15.     Judge Aylmer clearly indicated that the matter will proceed on oral evidence. That is the way in which evidence is given in criminal trials in this jurisdiction. There is no provision for an accused to defend himself by means of affidavit evidence. It is a fundamental tenet of the criminal law in this jurisdiction, that all evidence, either for the prosecution or for the defence, be given by means of oral testimony from witnesses, which evidence can be tested by cross-examination. That is the procedure adopted in this jurisdiction, so as to ensure a fair trial to both the prosecution and the defence. The court is satisfied that the proposed proceedings are frivolous and vexatious and amount to an attempt to perpetrate an abuse of process, so as to prevent or hinder the trial of the criminal matters due before the Circuit Criminal Court in Cavan on 24th November, 2021.

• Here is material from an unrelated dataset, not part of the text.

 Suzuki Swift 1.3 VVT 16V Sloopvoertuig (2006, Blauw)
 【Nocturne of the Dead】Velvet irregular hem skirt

16.     For these reasons the court refuses to permit the applicant institute this set of proceedings.

17.     In relation to the second set of proposed proceedings, it appears that the applicant’s notice of motion and grounding affidavit seeking to set aside the order made by Judge McLoughlin on 10th December, 2020 was received by the District Court office in Cavan on 21st December, 2020, as the notice of motion that is exhibited at JL 2, contains a handwritten record number and is stamped with the seal of the District Court office in Cavan and is dated 21st December, 2020.

18.     It appears from the letter sent by Ms Rafferty dated 30th March, 2021, that the notice of motion and grounding affidavit were returned to the applicant along with a form 10.5 Notice of Application to have Proceedings Set Aside – Courts Act, 1991 section 22 (6) (A). That notice is exhibited at exhibit JL 5.

19.     Given that the core facts as asserted by the applicant appear to be supported by independent documentary evidence, this court cannot say that his proposed proceedings are frivolous or vexatious.

20.     That being the case, the court will permit the applicant to commence judicial review proceedings seeking the relief set out in his ex parte docket dated 17th November, 2021. That is to say, the applicant may make an ex parte application seeking liberty to proceed by way of judicial review in the ordinary way.

21.     The fact that this ruling permits the applicant to institute the judicial review proceedings, does not constitute any view on the merits of the applicant’s judicial review application, or whether his case even meets the threshold to be given liberty to proceed by way of judicial review. Those questions rest solely with the judge who will hear his ex parte application seeking liberty to proceed by way of judicial review.

22.     This ruling merely finds that the proposed proceedings are not frivolous or vexatious on the facts that have been put before the court at this time; therefore it is appropriate to lift the “Isaac Wunder” order and permit the applicant to commence a judicial review application by making the necessary ex parte application in the ordinary way.